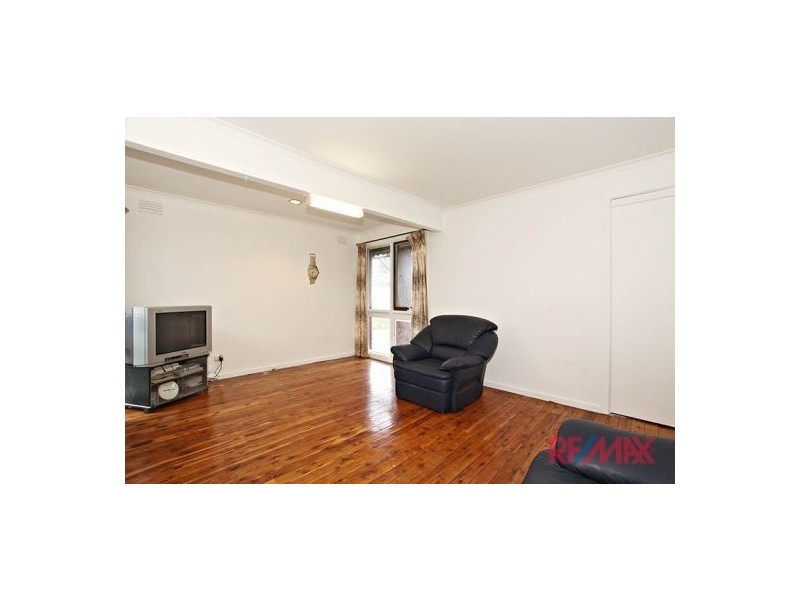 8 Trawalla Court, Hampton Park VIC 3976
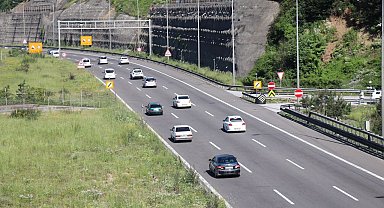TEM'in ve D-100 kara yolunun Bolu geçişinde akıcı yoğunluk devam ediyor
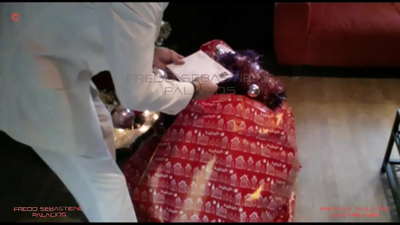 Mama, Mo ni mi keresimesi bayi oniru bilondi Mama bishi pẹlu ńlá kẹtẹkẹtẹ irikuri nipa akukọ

------------------------------------

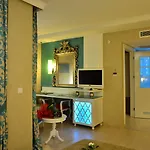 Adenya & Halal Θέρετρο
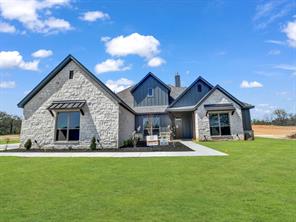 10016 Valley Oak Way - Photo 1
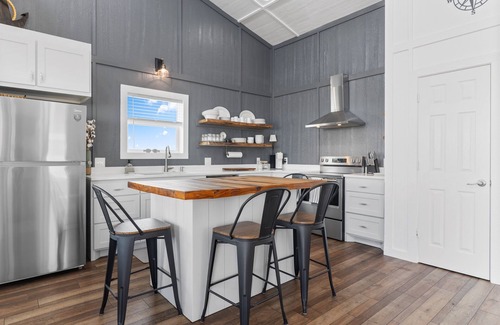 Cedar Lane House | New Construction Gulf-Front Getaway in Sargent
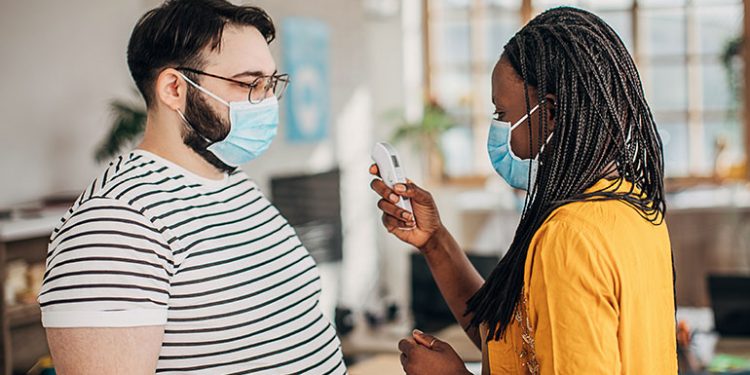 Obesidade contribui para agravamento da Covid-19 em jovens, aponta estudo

------------------------------------

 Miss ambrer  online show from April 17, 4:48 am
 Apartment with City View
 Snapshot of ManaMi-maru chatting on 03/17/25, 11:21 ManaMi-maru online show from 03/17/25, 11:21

------------------------------------

● **Exercise brief**
Taking the entries above, extract every line from the one bearing "10016 Valley Oak Way - Photo 1" through the one bearing "Obesidade contribui para", exactly, with no pictures.

● **Result of the exercise**
 10016 Valley Oak Way - Photo 1
 Cedar Lane House | New Construction Gulf-Front Getaway in Sargent
 Obesidade contribui para agravamento da Covid-19 em jovens, aponta estudo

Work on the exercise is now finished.